Kurtarılıyor kurtarılmasına ama bu sefer de korkunç bir hastalığa yakalanmış olduğunu keşfediyor. Kafasını vurunca prosopagnosia hastalığına tutulmuş. Bu yüz körlüğü olarak da biliniyormuş. Tanıdığı yüzler bile sürekli değişiyor ve onları tanıyamaz oluyor. Hatta bazen aynadaki kendi yansıması bile değişiyor. Hiçbiri yüzü tanıyamıyor. Katilin yüzü dahil.

Katili gören ve hayatta kalan iki kişiden biri o. Diğeri ise ilk kurbanın oğlu. Ona polisler göz kulak oluyor. Çocuk hiç konuşamıyor. Anna ise yüzleri hatırlayamıyor.

Güzel mesajlar veren ve günlük hayatla bağdaşlaştırabileceğimiz örnekler bulunan sahneleri var. "Her gün binlerce yüz görüyoruz ama aslında kaçını tam olarak tanıyoruz?" gibi sorulardan bahsediyor.

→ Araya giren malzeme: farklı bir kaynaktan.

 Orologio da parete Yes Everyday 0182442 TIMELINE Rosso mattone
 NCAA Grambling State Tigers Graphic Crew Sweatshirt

Finali de fevkalade efendim. Bilindik mutlu bir sonu iç burkucu bir sona tercih etmişler. Soluk soluğa giden bir final ritmini zirvede bırakıyor. Boş vaktinizde izleyebileceğiniz, günümüz tabiriyle "vakit kaybı" demeyeceğiniz bir film.

Üçlü çok sevimli. Amerikadaki birkaç tipi çok güzel yansıtmışlar.


Anna Merchant bir anaokulu öğretmeni ama yüzleri tanıyamama hastalığı yüzünden sınıfına hakim olamıyor ve işini kaybediyor.